La plage de l'Anse-au-Foulon représente en quelque sorte un contre-exemple de la règle qui a prévalu dans l'aménagement des rives dans la région de Québec. Si les activités marchandes et portuaires ont occupé à peu près tout le littoral des environs de Québec, ce sont, dans le cas de l'Anse-au-Foulon, des travaux réalisés par le port de Québec qui sont à l'origine de la création de cette structure d'accès public au fleuve. En effet, le port entreprend, à partir de 1927, de gigantesques travaux dans cette anse de Sillery pour permettre au port d'accueillir les navires à fort tirant d'eau. Ces ouvrages d'empiètement sur le fleuve ont pour conséquence qu'une grande quantité de sable fin se dépose à l'ouest de l'anse. Les citoyens des environs - qui avaient déjà l'habitude de fréquenter les plages un peu plus à l'ouest - ont tôt fait de profiter des avantages, sur le plan récréatif, que leur offre cet " accident ". La plage devient vite un lieu de rendez-vous très fréquenté par les baigneurs et aussi par les pêcheurs. Moralité oblige, la ville de Sillery sent qu'il est de son devoir d'intervenir afin d'assurer le respect des bonnes mœurs sur cette plage qui se situe sur son territoire. Dès le 3 août 1931, le Conseil adopte le règlement 116 qui vient déterminer ce qui et, surtout, ce qui ne peut pas être fait sur cette plage. Voici le texte de ce règlement qui vise à " désensauvager " les pratiques balnéaires :

" À une assemblée du conseil municipal de St-Colomb de Sillery, tenue au lieu ordinaire, lundi le 3 août mil neuf cent trente et un, à huit heures du soir. Il est proposé par Mr. le conseiller Roger Gagnon, secondé par le conseiller Alphonse Gignac et résolu : Qu'il soit statué et ordonné par le règlement du conseil de la municipalité de St-Colomb de Sillery, et il est par le présent statué et ordonné comme suit:

Article 1. Aucune personne du sexe masculin agée de douze ans et plus ne se baignera dans les parties du fleuve Saint-Laurent comprises dans les limites de la municipalité de St-Colomb de Sillery sans être revêtue d'un costume de bain masculin, en un ou deux morceaux, couvrant le corps depuis les épaules jusqu'au bas de la fourche des jambes, avec une jupe rabattant par-dessus la culotte et descendant au moins quatre pouces en bas de la fourche des jambes.

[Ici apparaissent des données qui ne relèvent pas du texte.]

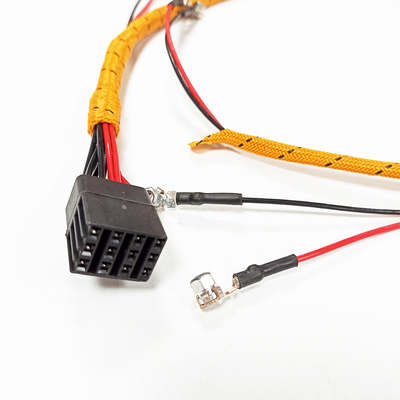 305-4893 3054893  Injector Wire Harness for Caterpilar CAT Engine C6.4 320D 321D 323D Excavator Parts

Article 2. Aucune personne du sexe féminin agée de douze ans et plus ne se baignera aux endroits mentionnés dans l'article précédent sans être revêtue d'un costume de bain féminin, consistant en une culotte et une chemise, en un ou deux morceaux, couvrant le corps depuis les épaules jusqu'au bas de la fourhce des jambes, avec jaquettes ou jupes rabattant par-dessus la culotte, et descendant au moins quatre pouces en bas de la fourche des jambes. La chemise ou corsage ne devra pas être décollettée sur la poitrine de plus de quatre pouces, à partir de la base du cou, et l''chancrure autour des bras ne devra pas être plus d'un pouce et demi tout le tour de chacun des bras. Les costumes à double ouverture sous les bras sont défendus.

Article 3. Aucun enfant agé de moins de douze ans ne se baignera aux mêmes endroits sans être revêtu d'un habit de bain convenable et décent.

Article 4. Aucune personne agée de douze ans et plus ne sortira ni ne flânera, ni ne circulera à pied ou en auto en quelque endroit de la municipalité que ce soit, en costume de bain, sans être habillée, recouverte, ou revêtue d'un manteau, par-dessus, ou couverture boutonnée ou fermée jusqu'aux genous. Cependant les baigneurs habillés d'un costume de bain tel que décrit plus haut seront tolérés au sortir de l''au, sur les quais, et les grèves jusqu'à une distance de cinquante pieds du bord de l'eau où ils se baigneront.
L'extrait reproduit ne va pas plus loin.